Re-election in 2020 shaped Trump’s response to Huawei and ZTE, says former adviser

Re-election in 2020 shaped Trump’s response to Huawei and ZTE, says former adviser

John Bolton.jpg

American policy towards Chinese vendors Huawei and ZTE has been shaped by politics and by the US president’s desire to make “personal gestures” to his Chinese counterpart, according to a new book.

Many people have suggested as much over the past two years, but this is the first indication from a first-hand witness that President Donald Trump’s policy on the vendors was shaped by commercial and electoral considerations rather than perceived security issues.

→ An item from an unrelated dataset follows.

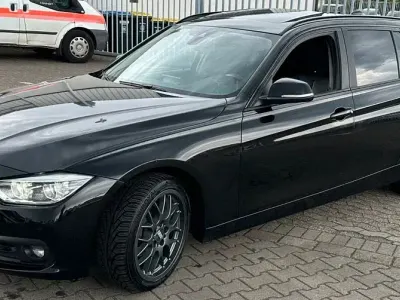 Brugt BMW 318 Advantage 150 HK (110 kW) 2018 Sort Stationcar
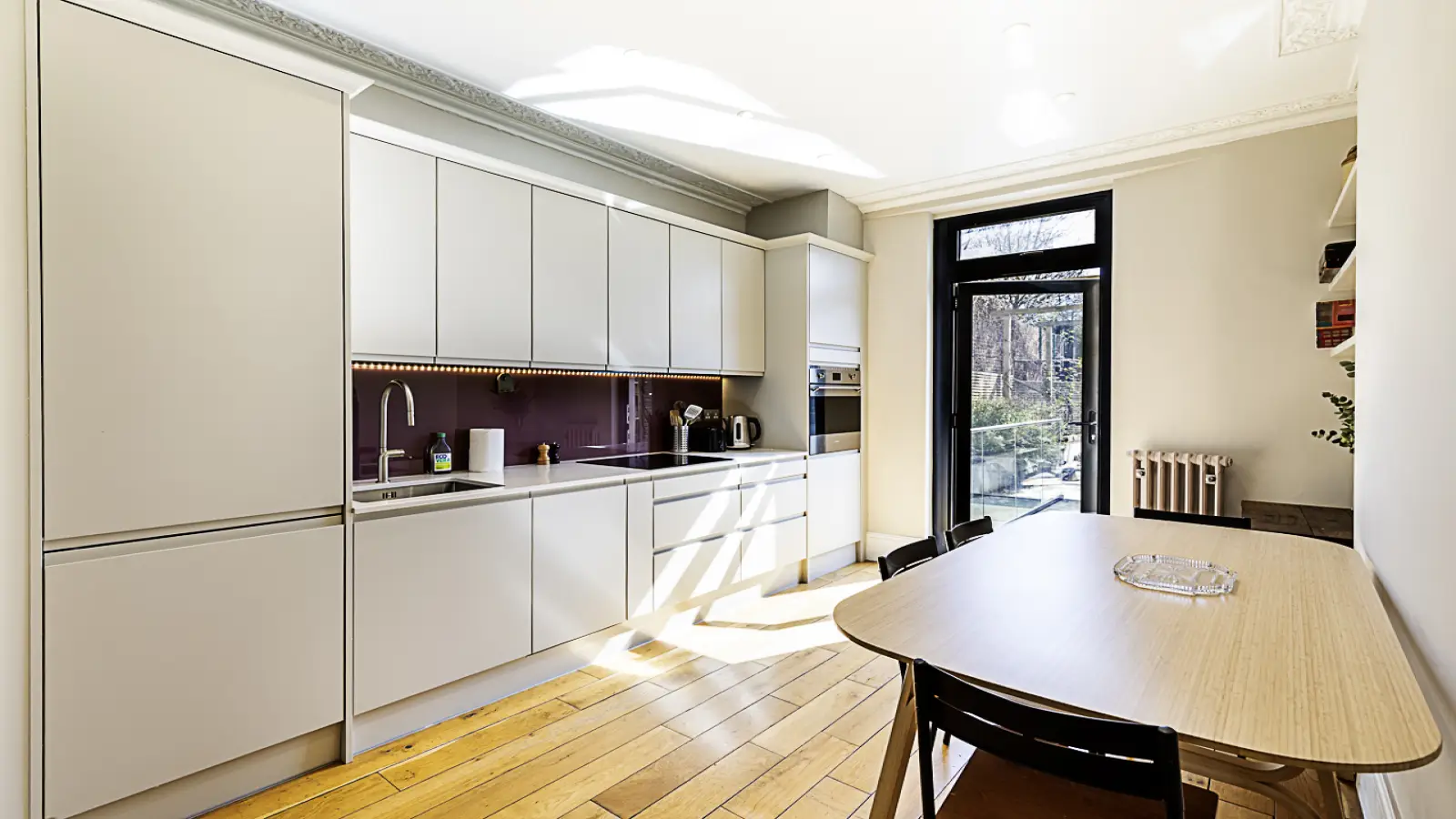 Flat Wharton Street in Greater London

In an extract from his new book, to be published next Tuesday, former US national security adviser John Bolton shows that Trump was willing to ease action against the two suppliers – for a price.

“Trump … saw this not as a policy issue to be resolved but as an opportunity to make personal gestures to [Chinese President] Xi,” writes Bolton (pictured) in an extract published in the Wall Street Journal last night.

“In 2018, for example, he reversed penalties that [commerce secretary Wilbur] Ross and the Commerce Department had imposed on ZTE. In 2019, he offered to reverse criminal prosecution against Huawei if it would help in the trade deal – which, of course, was primarily about getting Trump re-elected in 2020.”

The White House has been trying to ban publication of Bolton’s book, The Room Where It Happened: A White House Memoir, to be published on 23 June.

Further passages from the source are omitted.